Extracted records =
——
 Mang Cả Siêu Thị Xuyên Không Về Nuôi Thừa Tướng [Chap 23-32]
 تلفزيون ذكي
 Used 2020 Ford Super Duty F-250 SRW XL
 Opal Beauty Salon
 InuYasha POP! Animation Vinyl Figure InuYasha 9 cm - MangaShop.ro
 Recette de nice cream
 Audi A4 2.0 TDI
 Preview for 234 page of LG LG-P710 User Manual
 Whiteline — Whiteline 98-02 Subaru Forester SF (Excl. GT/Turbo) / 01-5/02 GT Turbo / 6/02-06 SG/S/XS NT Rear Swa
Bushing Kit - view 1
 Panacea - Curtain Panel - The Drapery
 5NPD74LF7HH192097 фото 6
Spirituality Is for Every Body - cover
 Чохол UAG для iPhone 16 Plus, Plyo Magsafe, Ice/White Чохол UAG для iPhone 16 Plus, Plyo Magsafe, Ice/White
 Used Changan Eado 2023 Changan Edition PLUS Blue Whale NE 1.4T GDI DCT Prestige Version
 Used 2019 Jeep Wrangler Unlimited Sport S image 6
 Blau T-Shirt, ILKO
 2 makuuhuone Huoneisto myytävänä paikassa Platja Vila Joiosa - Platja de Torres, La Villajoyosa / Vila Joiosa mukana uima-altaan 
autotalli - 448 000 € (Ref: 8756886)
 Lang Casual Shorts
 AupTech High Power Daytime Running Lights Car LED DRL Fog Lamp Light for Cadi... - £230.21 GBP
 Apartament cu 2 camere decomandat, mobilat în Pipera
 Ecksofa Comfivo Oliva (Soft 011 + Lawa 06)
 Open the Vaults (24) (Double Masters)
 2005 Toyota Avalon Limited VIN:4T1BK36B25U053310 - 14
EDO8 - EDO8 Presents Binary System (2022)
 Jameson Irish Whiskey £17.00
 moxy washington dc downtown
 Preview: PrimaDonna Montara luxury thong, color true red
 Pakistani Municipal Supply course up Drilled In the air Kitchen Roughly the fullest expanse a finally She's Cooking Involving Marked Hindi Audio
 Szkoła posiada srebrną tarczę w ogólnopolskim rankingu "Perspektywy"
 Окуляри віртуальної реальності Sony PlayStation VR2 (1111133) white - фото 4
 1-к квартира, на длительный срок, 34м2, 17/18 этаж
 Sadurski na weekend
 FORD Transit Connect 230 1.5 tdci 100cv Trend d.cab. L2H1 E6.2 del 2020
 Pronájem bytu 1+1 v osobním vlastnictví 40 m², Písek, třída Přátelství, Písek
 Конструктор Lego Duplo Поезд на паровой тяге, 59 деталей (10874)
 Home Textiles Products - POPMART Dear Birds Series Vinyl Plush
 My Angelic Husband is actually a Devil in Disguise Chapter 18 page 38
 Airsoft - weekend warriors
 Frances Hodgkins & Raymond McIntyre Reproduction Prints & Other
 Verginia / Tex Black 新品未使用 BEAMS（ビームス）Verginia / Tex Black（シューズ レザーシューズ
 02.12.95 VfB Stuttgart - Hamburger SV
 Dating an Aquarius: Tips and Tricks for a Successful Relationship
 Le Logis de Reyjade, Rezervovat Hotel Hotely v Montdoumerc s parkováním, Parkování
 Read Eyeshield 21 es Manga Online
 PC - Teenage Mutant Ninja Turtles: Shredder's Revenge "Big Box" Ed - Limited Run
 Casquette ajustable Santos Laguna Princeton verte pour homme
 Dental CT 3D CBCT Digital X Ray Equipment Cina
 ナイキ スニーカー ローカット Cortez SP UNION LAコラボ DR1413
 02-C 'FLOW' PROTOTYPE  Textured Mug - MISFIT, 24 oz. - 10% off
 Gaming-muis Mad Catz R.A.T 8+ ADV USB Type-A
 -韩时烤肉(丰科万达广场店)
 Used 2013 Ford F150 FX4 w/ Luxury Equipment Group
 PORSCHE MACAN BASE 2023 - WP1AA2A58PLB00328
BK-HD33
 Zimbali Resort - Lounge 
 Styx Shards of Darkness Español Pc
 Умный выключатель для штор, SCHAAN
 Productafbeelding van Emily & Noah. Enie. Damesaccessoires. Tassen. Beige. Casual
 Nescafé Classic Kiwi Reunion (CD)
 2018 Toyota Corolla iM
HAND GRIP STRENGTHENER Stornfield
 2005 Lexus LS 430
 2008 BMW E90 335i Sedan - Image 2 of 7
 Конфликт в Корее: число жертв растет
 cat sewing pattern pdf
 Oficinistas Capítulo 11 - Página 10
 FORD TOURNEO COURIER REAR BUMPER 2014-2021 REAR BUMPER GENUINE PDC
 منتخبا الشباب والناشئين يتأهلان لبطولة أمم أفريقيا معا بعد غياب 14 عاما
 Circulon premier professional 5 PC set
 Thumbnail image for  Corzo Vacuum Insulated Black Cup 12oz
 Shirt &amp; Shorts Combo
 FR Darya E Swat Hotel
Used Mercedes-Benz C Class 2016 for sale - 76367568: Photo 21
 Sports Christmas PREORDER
——
Prompt = In the listing above, find the line holding "Airsoft - weekend warriors" and the line holding "Le Logis de", then output those two lines and every line between them exactly.

Result of the task =
 Airsoft - weekend warriors
 Frances Hodgkins & Raymond McIntyre Reproduction Prints & Other
 Verginia / Tex Black 新品未使用 BEAMS（ビームス）Verginia / Tex Black（シューズ レザーシューズ
 02.12.95 VfB Stuttgart - Hamburger SV
 Dating an Aquarius: Tips and Tricks for a Successful Relationship
 Le Logis de Reyjade, Rezervovat Hotel Hotely v Montdoumerc s parkováním, Parkování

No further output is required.